Pero aún está por ver este tipo de liderazgo por parte de Obama. Su énfasis retórico ha incidido sobre todo en el terreno nacional. La comunicación concerniente a Afganistán e Iraq se ha producido cuando ya no quedaba otra. Estas guerras han caído en la categoría de problemas heredados -no tanto causas nacionales como la distante deuda de algún pariente-.
Los discursos internacionales de alto copete de Obama -como sus declaraciones en El Cairo o su discurso en las Naciones Unidas- han pretendido trascender debates ideológicos, no afrontarlos desde alguna vertiente. En su enfoque retórico, el mundo tiene muchas críticas contra Estados Unidos, parte de ellas injustas, pero EEUU también tiene muchos defectos y fallos. Afortunadamente, los viejos tiempos malos de malentendidos han terminado ya, a causa de la llegada del propio Obama.

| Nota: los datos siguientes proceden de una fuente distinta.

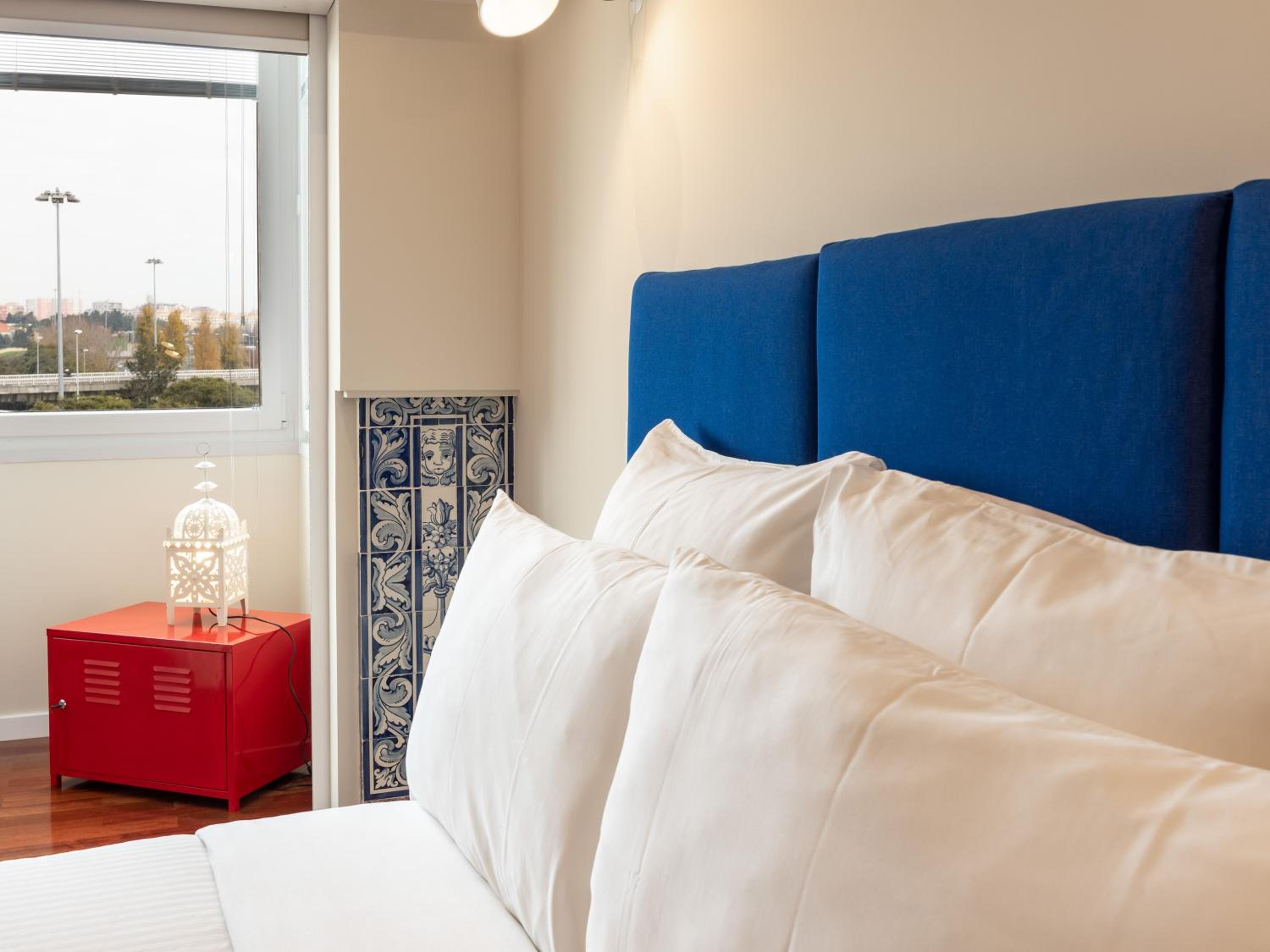 Deluxe Double Room with Private External Bathroom photo 3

Puede llamar a esto como le dé la gana -la palabra narcisismo viene a la cabeza-, pero no tiene nada que ver con el liderazgo en tiempos de guerra (durante las guerras encarnizadas y las guerras frías) de presidentes como Franklin Roosevelt o Ronald Reagan. Ellos manifestaban un compromiso inasequible al desaliento con una de las partes de una división ideológica -la parte que implicaba libertad y autogobierno-. Y bajo su encanto demostraban estar curtidos, lo que inspiraba a las tropas estadounidenses y desconcertaba a los enemigos estadounidenses.

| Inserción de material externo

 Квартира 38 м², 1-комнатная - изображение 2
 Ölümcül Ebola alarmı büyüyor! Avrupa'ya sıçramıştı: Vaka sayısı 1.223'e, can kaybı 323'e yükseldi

Hasta en prioridades nacionales tales como la sanidad, Obama es más docente que apasionado, más explicativo que inspirador. En momentos de tragedia -como el atentado de Fort Hood- sus reacciones públicas pueden ser extrañamente comedidas y medicinales. ¿Qué es lo que saca a Obama de sus casillas? ¿Por qué motivos está dispuesto a sacrificar voluntariamente su popularidad, su orgullo, su presidencia?

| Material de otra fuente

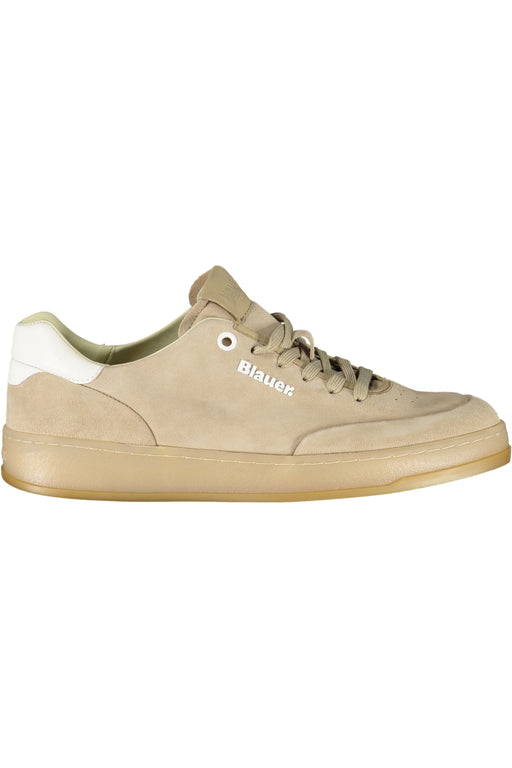 Blauer Mens Sports Footwear Beige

Obama ha sido acusado en ocasiones de una debilidad estilo Carter. En cuanto a temperamento, la comparación histórica más adecuada es con el presidente Woodrow Wilson. Wilson era cerebral, frío y huraño, en público por lo menos. Con admirable autoconocimiento, llamaba a la suya «una personalidad vaga de conjeturas, más compuesta de opiniones y posturas académicas que de debilidades humanas y sangre en las venas».
Elegido como el reformista progresista, Wilson entró en la Primera Guerra Mundial con la acusada reticencia de un progre. Pero se convirtió en un líder en tiempos de guerra. «Una y otra vez -decía en 1919-, las madres que perdieron a sus hijos en Francia han venido a verme y, cogiendo mi mano, no sólo han derramado lágrimas sino que han añadido ‘Dios le bendiga, señor presidente’. ¿Por qué causa, conciudadanos míos, debéis rezar para que Dios me bendiga? Yo aconsejé al Congreso de Estados Unidos la creación de una situación que condujo a la muerte de sus hijos. Envié a sus hijos a ultramar. Consentí que sus hijos fueran enviados a las regiones más difíciles del frente, donde la muerte estaba garantizada… ¿Por qué lloran sobre mi mano y piden que las bendiciones de Dios recaigan sobre mí? Porque creen que sus hijos murieron por algo que trasciende sobradamente cualquier objetivo inmediato y tangible de la guerra. Creen, y creen con razón, que sus hijos salvaron la libertad del mundo.»
Una vez que se tome una decisión sobre Afganistán, Obama va a necesitar una transfusión parecida a la de sangre, y tendrá que hacer una defensa similar. En Afganistán, como en otros lugares distantes, los hijos e hijas de Estados Unidos están salvando la libertad del mundo.